For now, I worked with floats for a full planet coordinates. So, there was some artifacts in very high LOD, caused by float precision.
After reading a lot of threads and articles on the net, I came to think about using fixed points (fractional integer) instead of float.
I never worked with fixed points, and so, there are some (lot of) concepts I didn't understand !
Where to start using them and.. when to stop ?
1- I want to choose freely the planet's radius, let say 5629 kilometers 194 meters 29 centimeters.
Using a 16 bits whole part and 16 bits fractional part, the fixed radius number will be 368914876 (5629.19429 * 65536), right ?
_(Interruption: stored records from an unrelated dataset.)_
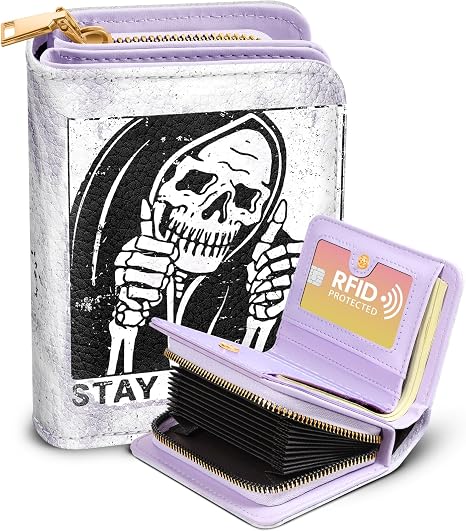 Bistup Leather 12 Slot Accordion Card Holder Wallet, Skeleton Hand - skull wallet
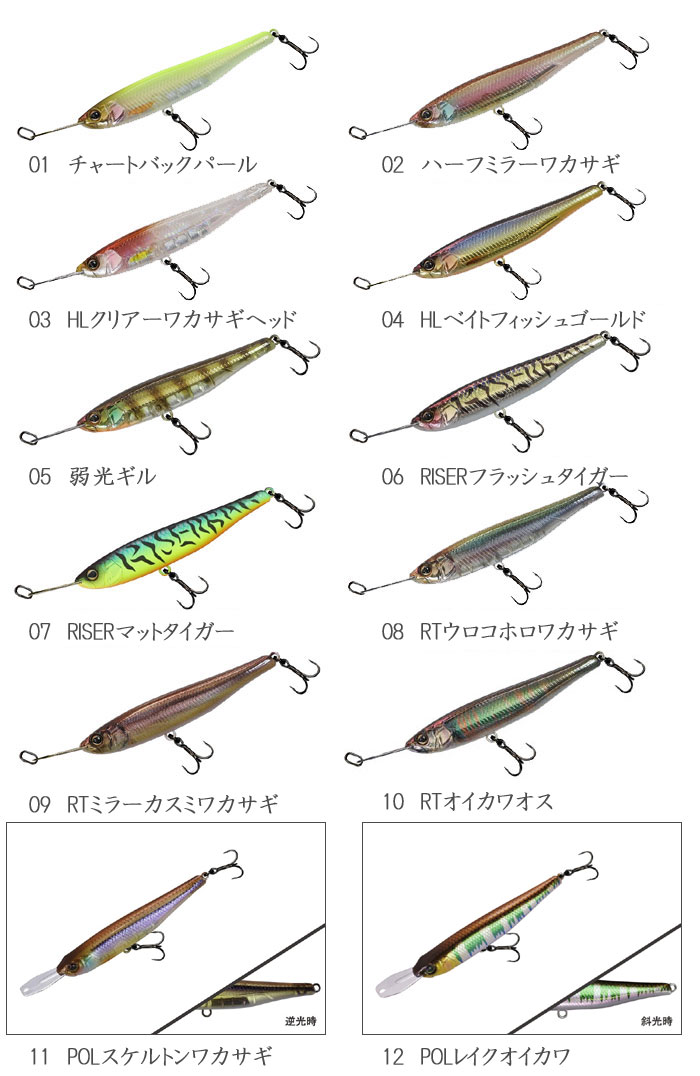 TOP WATER 【全19色】ジャッカル ライザーベイト 007R JACKALL RISER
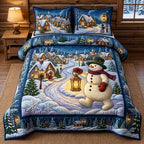 Lantern Village Snowman quilted 3-piece bedding set on a made bed in a winter-styled bedroom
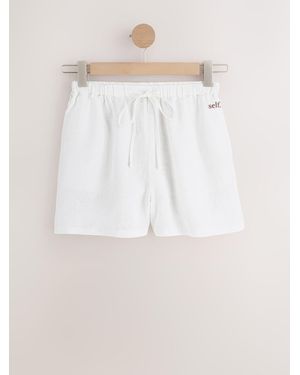 Self Linen Blend Co-Ord Shorts - Natural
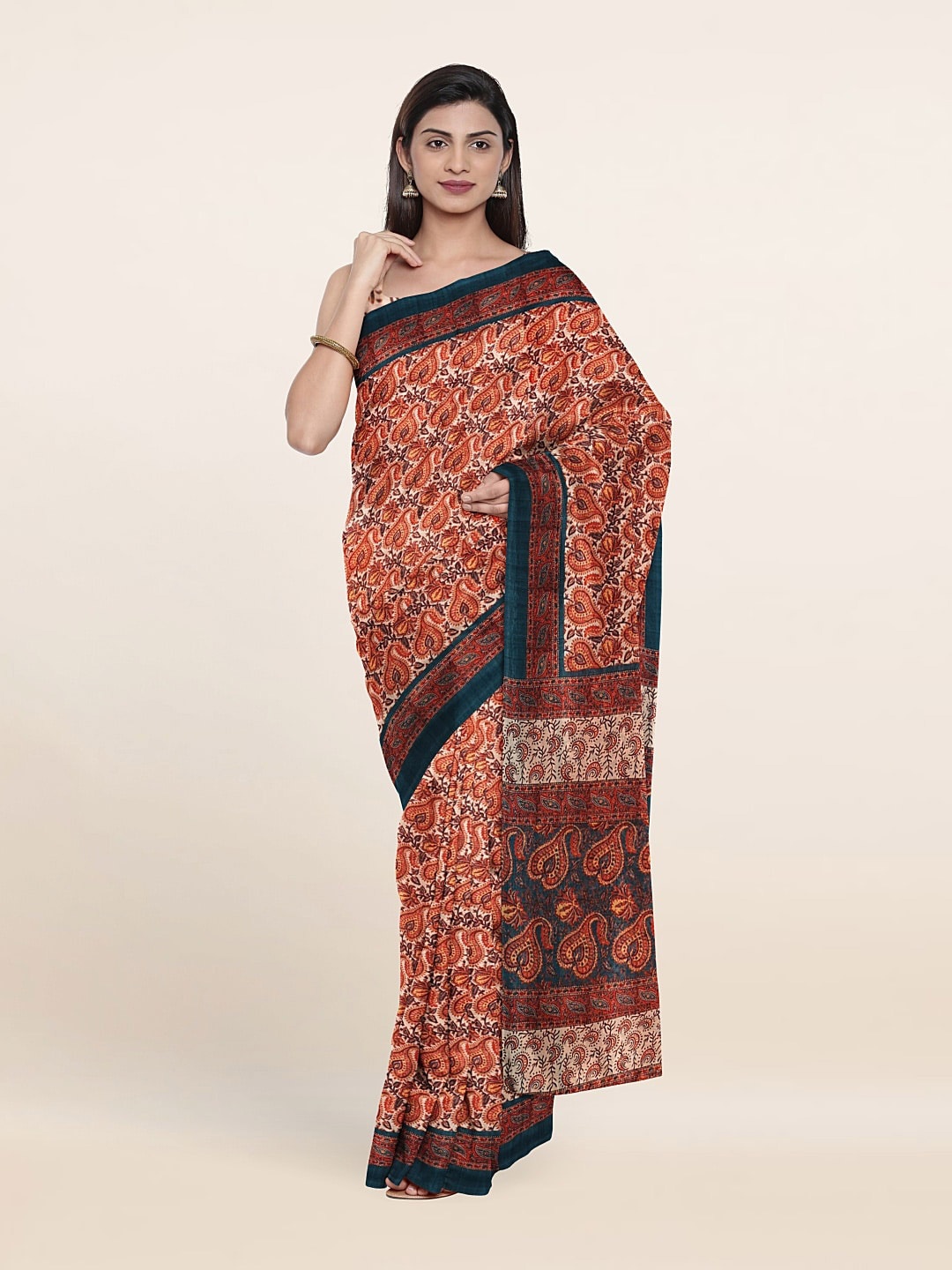 

Pothys Printed Ethnic Motifs Jute Silk Saree, Rust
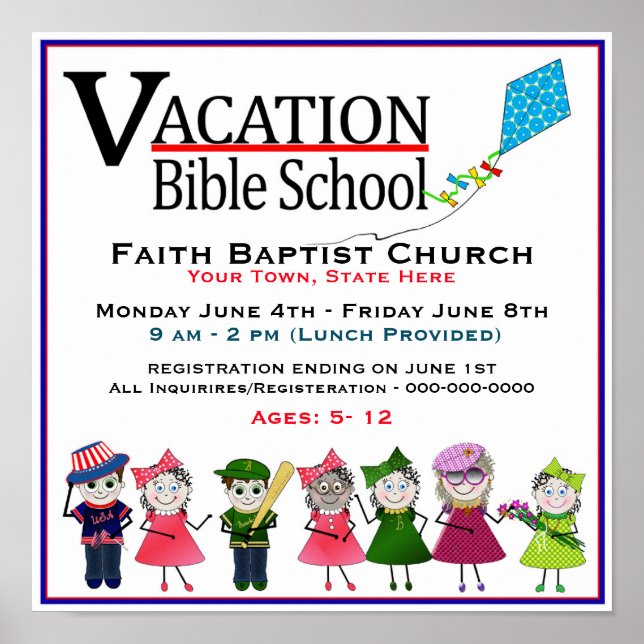 Poster Vacances Bible School Poster/Circulaire - Enfants/ (Devant)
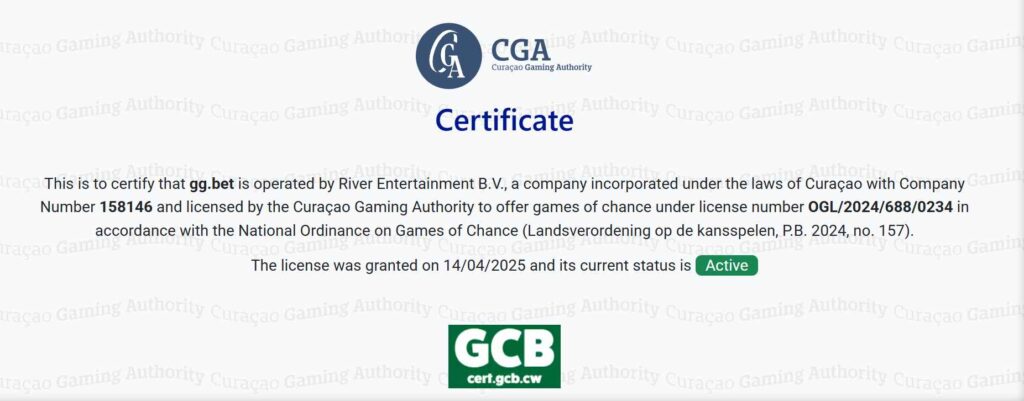ggbet certificate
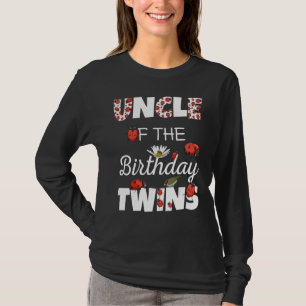 Oom van de verjaardag tweeling bloemenfamilie liev t-shirt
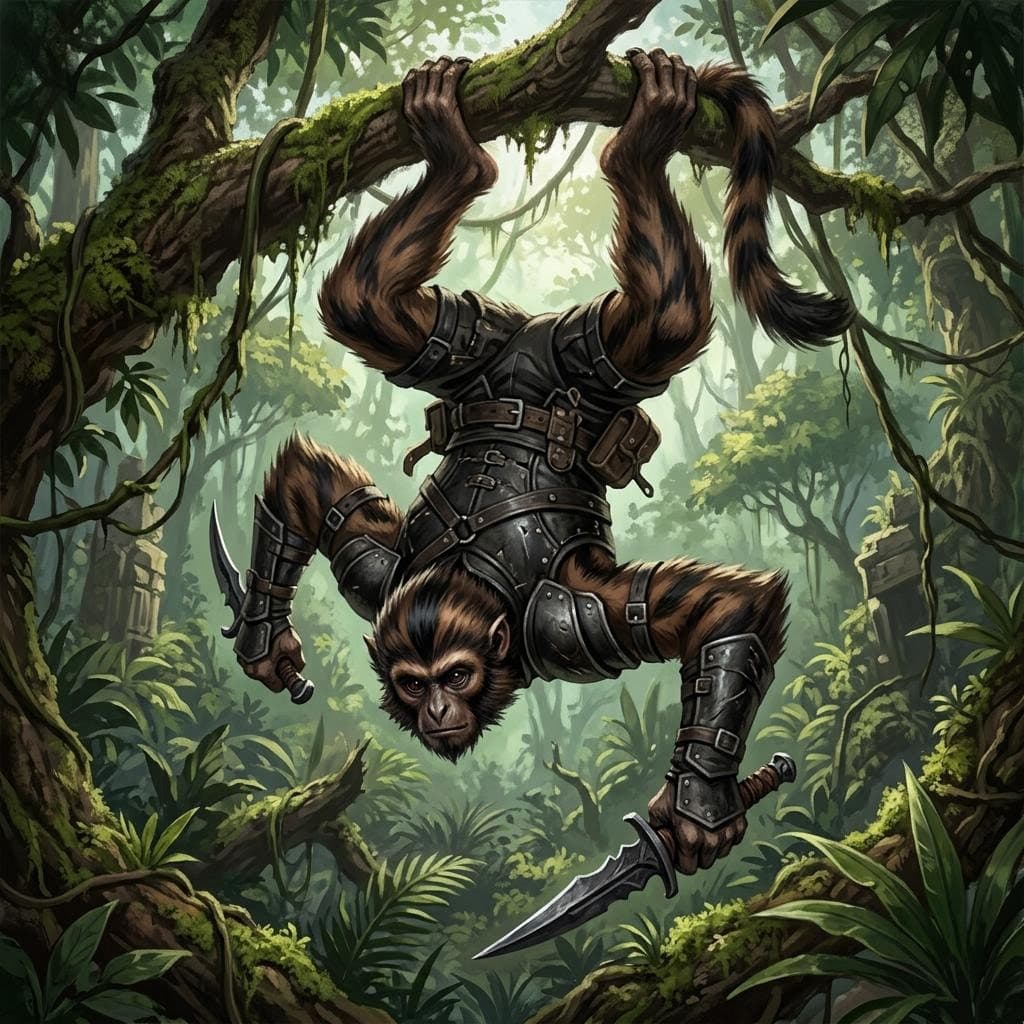 AI generated: a male gibbon monkey man hybrid with dark brown fur with streaks of black and wearing black leather ...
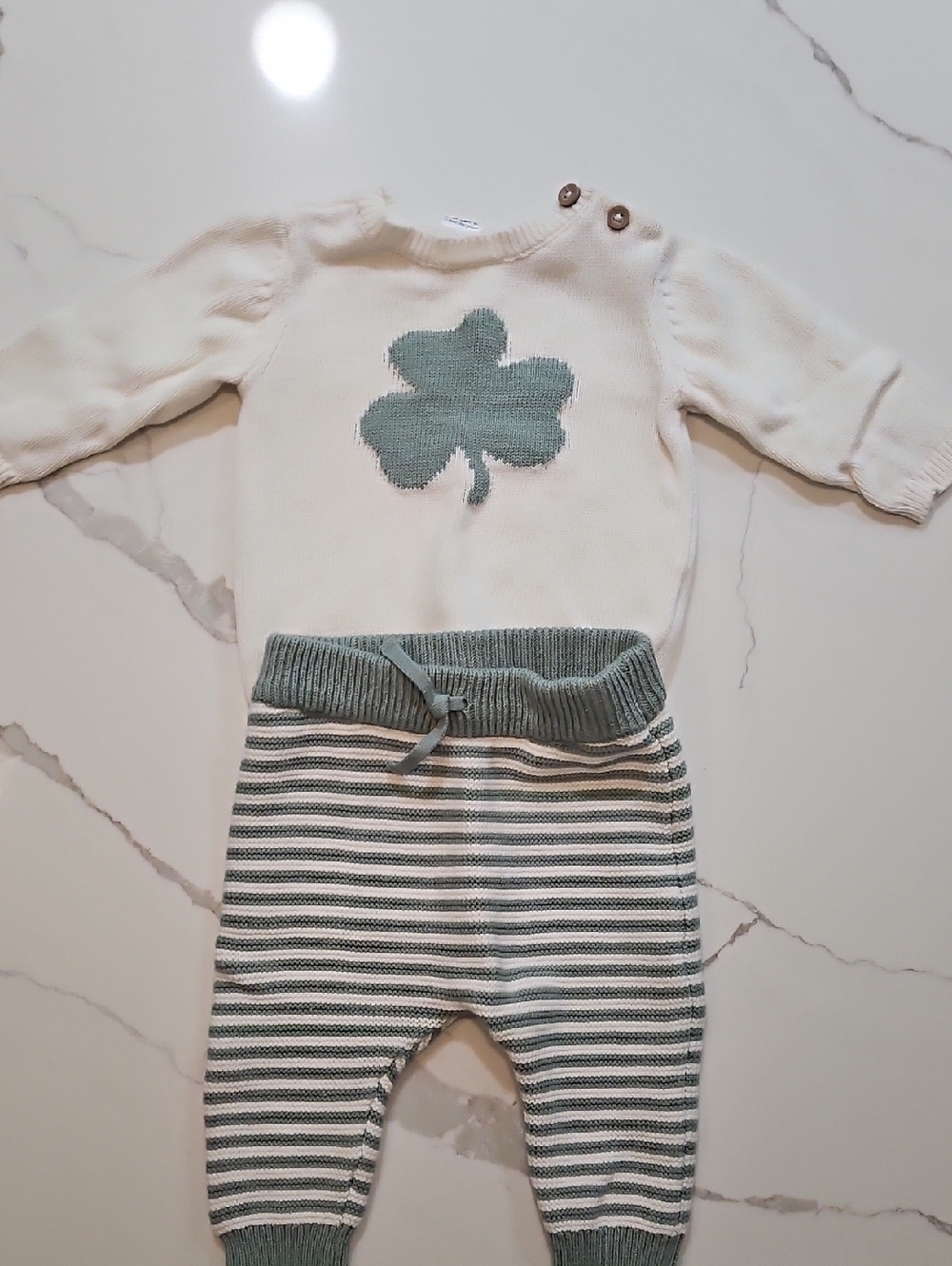 Carter's Cream and Sage Green Knit Baby Matching Set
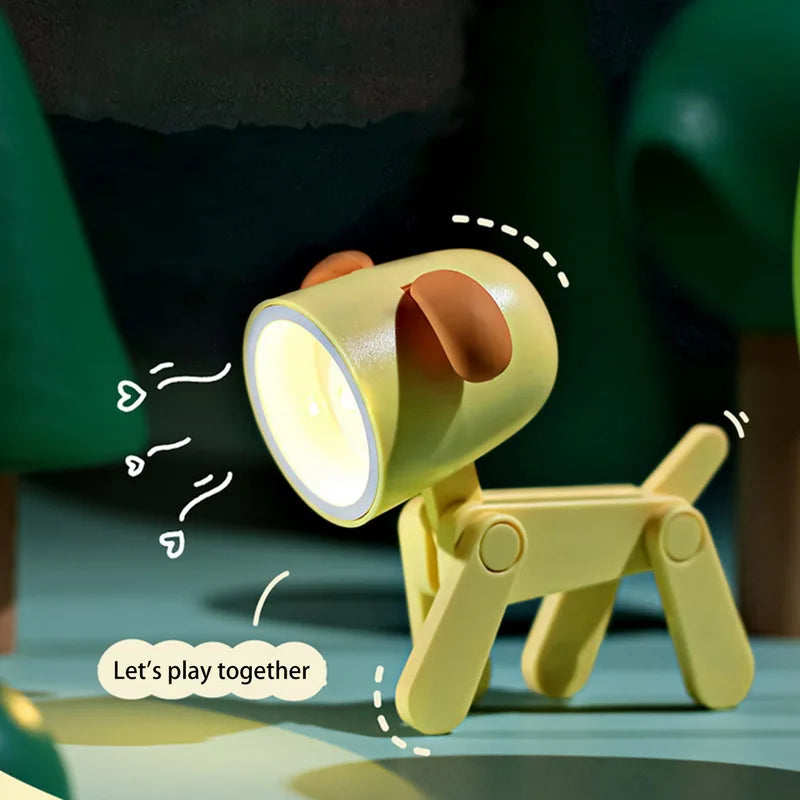 LED Night Light Mini Folding Desk Lamp Cute Pet Lights Dog Deer Portable Night Light Student Living Room Decor Gift Quick Pick Grocers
But in the first place, it will be a float => 5629.19429 in the code (much readable), so I must convert it before sending it to the shader ?
2- My planet is quadtree based LOD (cube with 6 grids). Does the grids have integer coordinates ? How to scale them on the radius ?
I imagine I must choose a power of 2 radius for quadtree divisions ?
3- If the coordinates of point.x is 368914876, it's a big number in the shader (with far/near frustum, Z buffer, etc.), so what to do ? Convert it to float again ?
I must scale somewhere... ? Buf if 1 equals 1 centimeter.. It will be very very big ?!
4- In the shaders, what happens when I use the world, view, projection matrices ? Is there a moment when fixed points are no more working ?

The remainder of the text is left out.